Re: Updated LOD Cloud Diagram - Missed data sources. from Luca Matteis on 2014-07-25 (public-lod@w3.org from July 2014)

From: Luca Matteis <lmatteis@gmail.com>
Date: Sat, 26 Jul 2014 00:23:49 +0200
To: Hugh Glaser <hugh@glasers.org>
Cc: ahogan@dcc.uchile.cl, Linked Data community <public-lod@w3.org>
Message-ID: <CALp38EPRT5=ynmFXoJYMZJcADqiU56j8T=nLD+nwo8Wq0ixWsQ@mail.gmail.com>
Robots.txt to me works well for a web of documents. That is, wanting
only humans to access certain resources. But for a web of data, why
resort to a robots.txt when you could simply not put the resource
online in the first place?

On Fri, Jul 25, 2014 at 11:54 PM, Hugh Glaser <hugh@glasers.org> wrote:
> Hi,
> Well, as you might guess, I can’t say I agree.
> Firstly, as you correctly say, if there is a robots.txt with Disallow / on the RDF on a LD site, then it effectively prohibits any LD app from accessing the LD.
> So clearly that can’t be what the publisher intended (the idea of publishing RDF for humans to fetch is not a big market).
> So what did the publisher intend? This should be what the consumer aims to comply with.
> If you take a pragmatic (rather than perhaps more literal) view of what someone might mean when they put such a robots.txt on a LD site, then it can only mean "please only access my site in the sort of usage patterns that I might expect from a person” or similar.
>
> Secondly, I think in discussing robots, it is central to the issue to try to answer the question of "what is a robot?”, which is why I included that discussion, which is linked off reference to robots on the wikipedia page that you quote, rather than just the page you quote.

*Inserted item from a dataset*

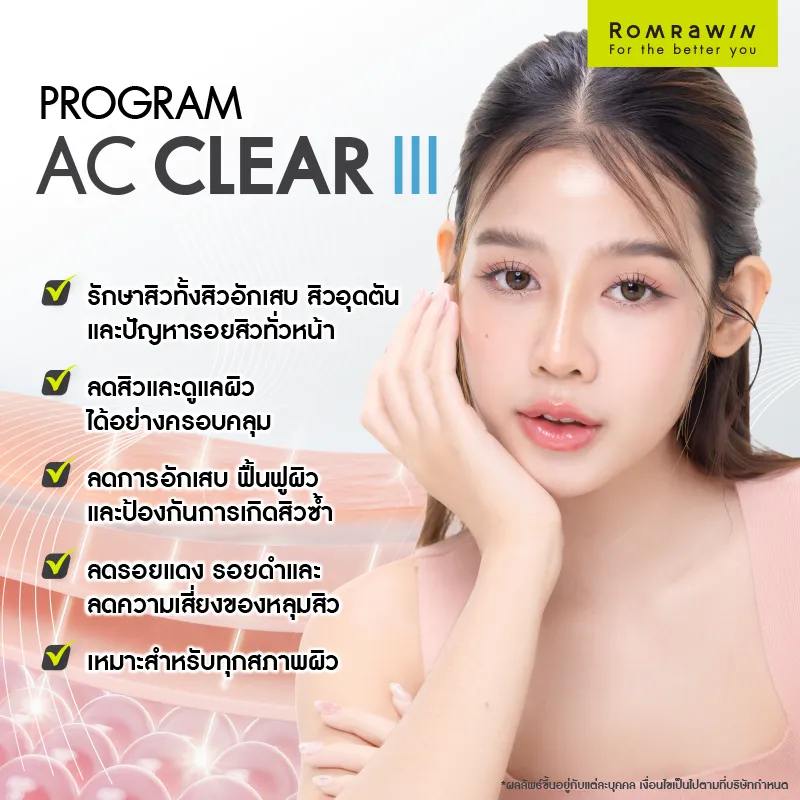 รักษาสิว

> The systems you describe are good questions, and I would say that in the end the builders have to decide whether their system is what the publisher might have thought of as a robot.

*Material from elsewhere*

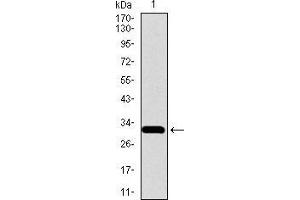 Image no. 3 for anti-Solute Carrier Family 27 (Fatty Acid Transporter), Member 5 (SLC27A5) (AA 508-570) antibody (ABIN1724762)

> My system (if I recall correctly!), monitors what it is accessing to ensure that it does not make undue demands on the LD sites it accesses; this is just good practice, irrespective of whether there is a Disallow or not, I think.
>
> I am guessing we will just have to differ on all this!
>
> Best
> Hugh
>
> On 25 Jul 2014, at 22:13, ahogan@dcc.uchile.cl wrote:
>
>>
>> On 25/07/2014 15:54, Hugh Glaser wrote:> Very interesting.
>>> On 25 Jul 2014, at 20:12, ahogan@dcc.uchile.cl wrote:
>>>
>>>> On 25/07/2014 14:44, Hugh Glaser wrote:
>>>>> The idea that having a robots.txt that Disallows spiders
>>>>> is a “problem” for a dataset is rather bizarre.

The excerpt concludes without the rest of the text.